** TASK DIRECTIONS **
In your copy, the records appear word for word and the pictures do not appear at all.

** RECORDS FOR THE EXERCISE **
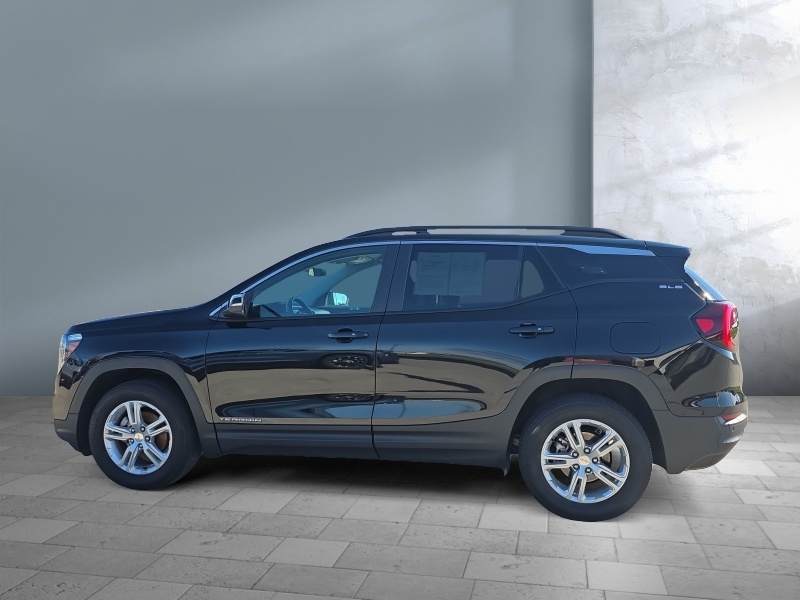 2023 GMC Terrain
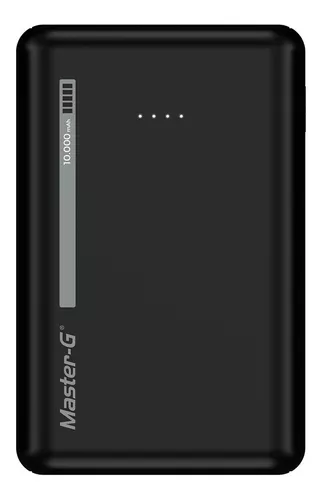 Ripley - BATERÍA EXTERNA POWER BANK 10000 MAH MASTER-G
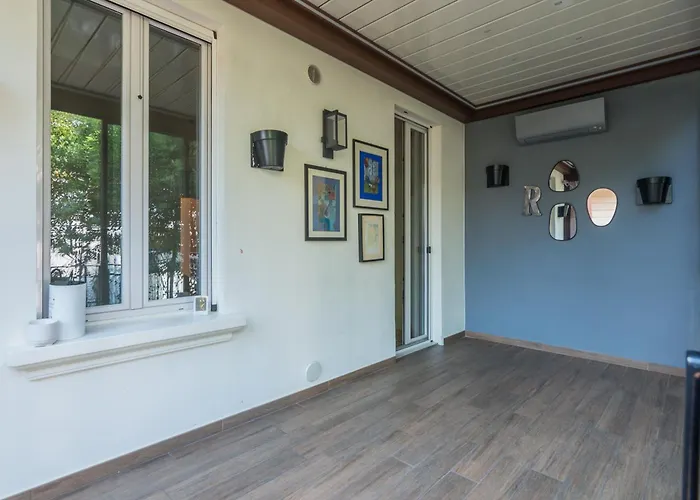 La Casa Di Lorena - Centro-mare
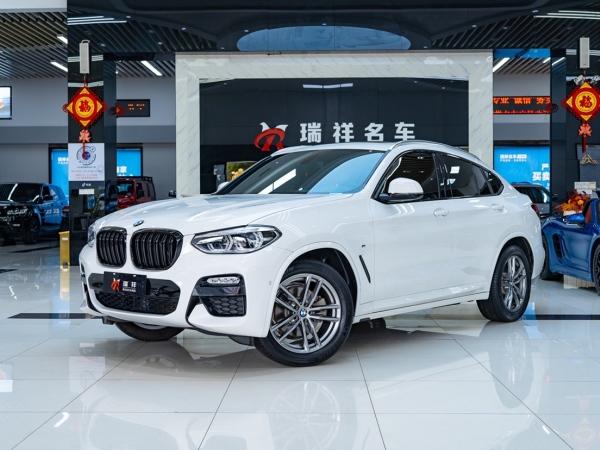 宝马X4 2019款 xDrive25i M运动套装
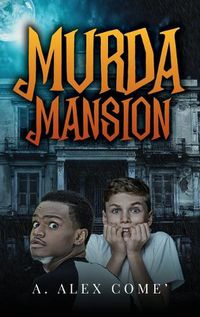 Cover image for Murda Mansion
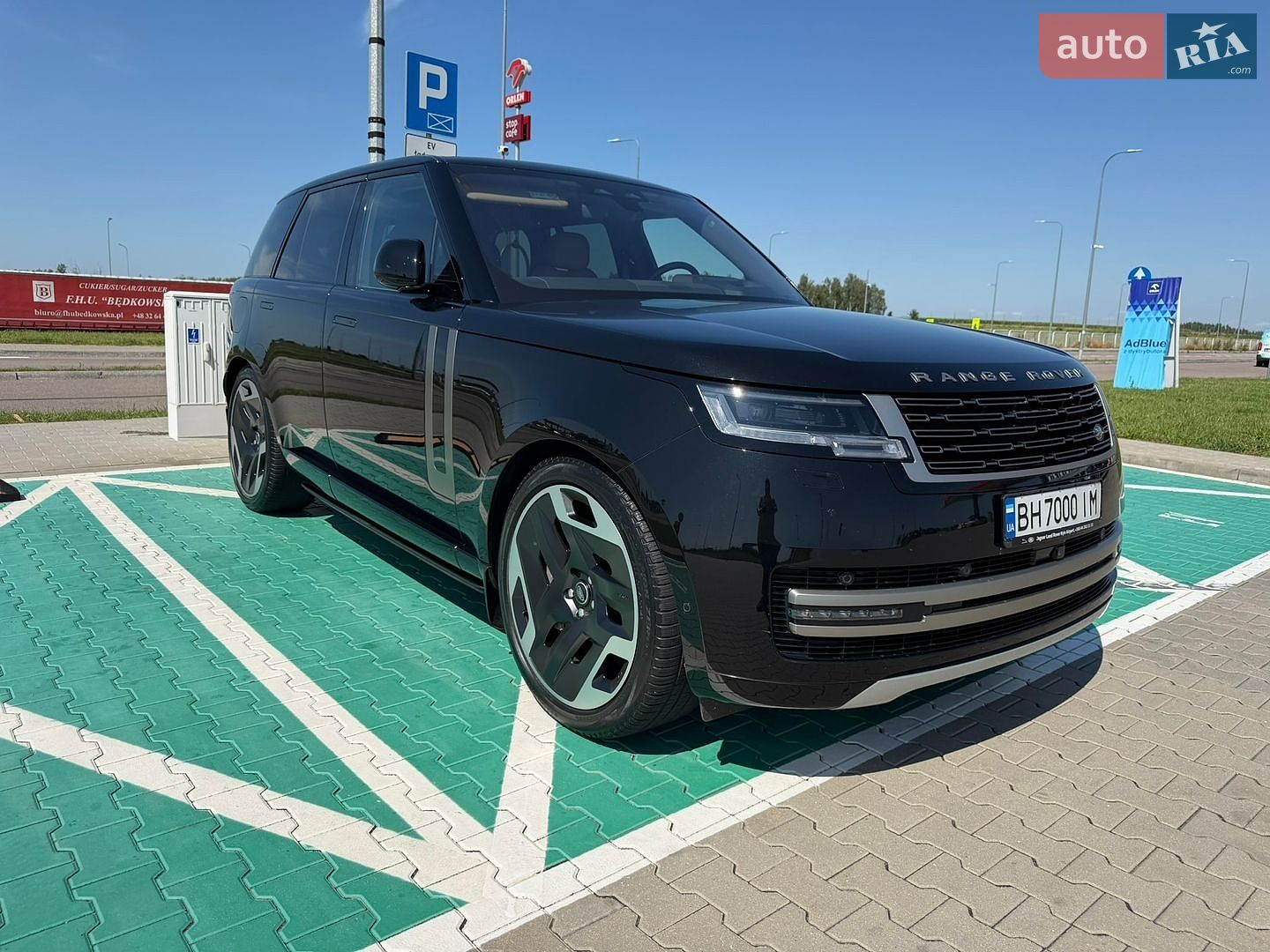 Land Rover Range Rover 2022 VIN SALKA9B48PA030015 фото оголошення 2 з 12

** OUTPUT FOR THIS EXERCISE **
 2023 GMC Terrain
 Ripley - BATERÍA EXTERNA POWER BANK 10000 MAH MASTER-G
 La Casa Di Lorena - Centro-mare
 宝马X4 2019款 xDrive25i M运动套装
 Cover image for Murda Mansion
 Land Rover Range Rover 2022 VIN SALKA9B48PA030015 фото оголошення 2 з 12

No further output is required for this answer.